How often have you seen the situation where the project plan detailing the various activities is signed off on, the work begins, the schedule goes off track, and the fallout, project delays, and added expense appear to catch management totally by surprise? In each case, an experienced project manager with the right analysis could probably have foreseen the delays long before the problems became irreversible (or public).
What’s needed is some form of analysis to uncover inconsistencies in the schedule, potential risks, budget flaws, and anemic project performance. Armed with this information, decision-makers can then make informed adjustments to their planning as the work progresses.

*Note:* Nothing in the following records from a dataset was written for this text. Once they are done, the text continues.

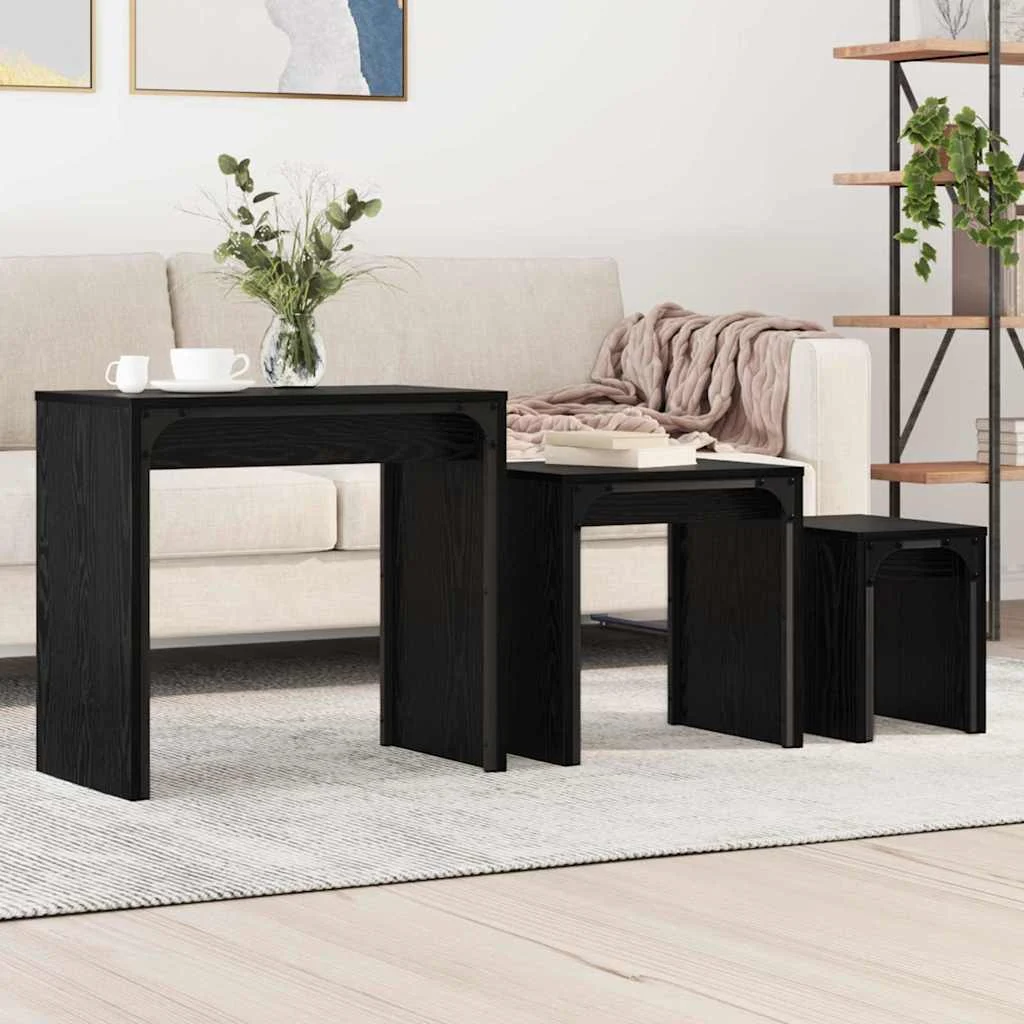 vidaXL Coffee Table 3 pcs Black Oak 60 x 35 x 56 cm Engineered wood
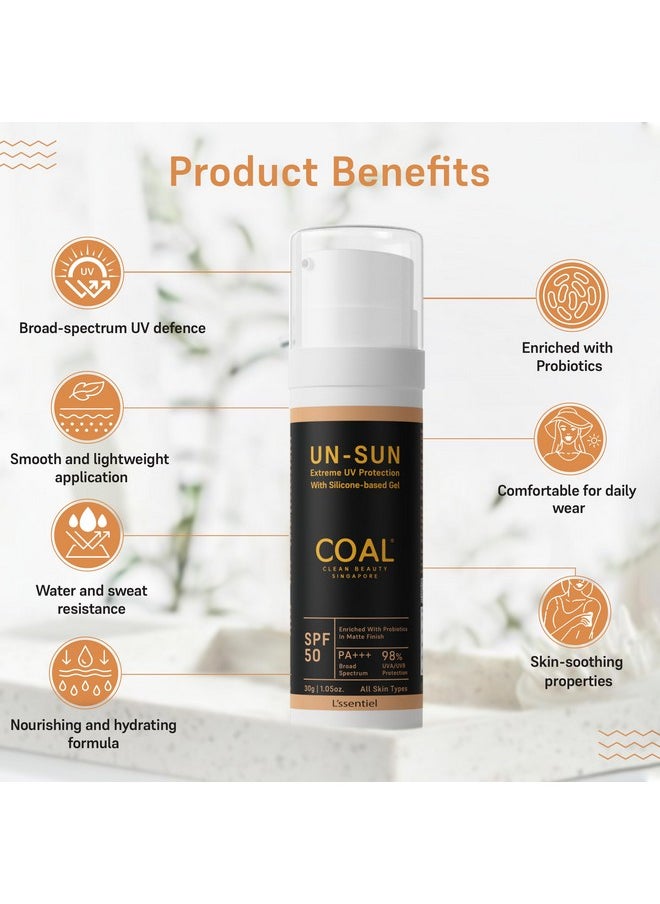 COAL CLEAN BEAUTY Un-Sun Spf 50 Pa+++ Sunscreen With Probiotics | Uva/Uvb, Anti-Ageing, Blue Light Protection & Water Resistant | Men & Women | All Skin Types | 30G  - Image 3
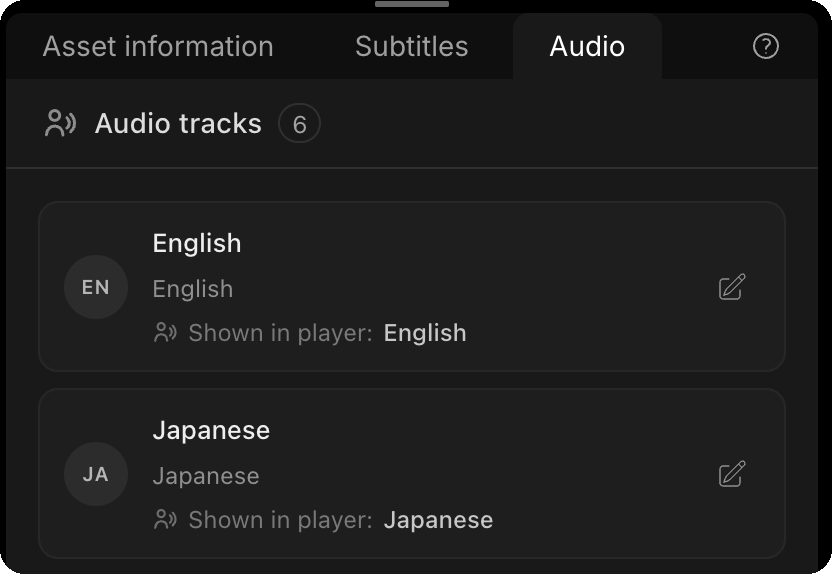 The Audio tab listing attached tracks with their names, languages, and player labels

This type of analysis, however, can be as complex as the projects themselves. Frequently, the data required is maintained in multiple sources — Microsoft Project, Excel, Primavera, XML schemas, or other tools. Often, analysts will perform arduous data imports, and then run the numbers through a hodgepodge of Excel macros to derive some understanding of the health of the overall project. But performing this type of activity on a regular basis can be erratic and time-consuming.
A new kind of data analytics tool is coming to the forefront to assist project planners in understanding the overall state of their project performance. Acumen Fuse, a sophisticated example of this breed of product, provides a library of metrics (and the capability to build custom metrics) that helps users pinpoint problem areas and activities within their plan. These metrics can then be applied to the project as a whole, or to a specific grouping of activities such as those with a common WBS, Location, or Resource assignment. Through additional analyzers such as the “Fuse Logic Analyzer” and “Fuse Forensic Analyzer,” users can check the quality of plan and compare multiple iterations of a schedule to pinpoint modifications.
Of course, analysis is only part of the equation. If that information can’t be communicated and understood by non-project management-savvy people, making a case for changing priorities, dates, or budget will be tough. Among standard reports such as heat maps for isolating high priority issues and analyst reports to generate a detailed view of project health, Acumen Fuse also includes an executive briefing that provides a quick-read synopsis of overall project quality.
According to the company, customers are using the product in three main ways: 1) in the planning phase to improve quality and realism of project bids and plans 2) during execution to accurately track performance and accelerate schedules that have slipped and 3) as the project nears completion, in order to perform project forensics to determine the root cause of delays and cost overruns through variance analysis.
Keeping a project on track in many ways is an art; but tracking a project is definitely a science. Applying appropriate analytical tools to project forensics can ultimately help organizations achieve the results they want by catching the vital details before they cause a project derailment.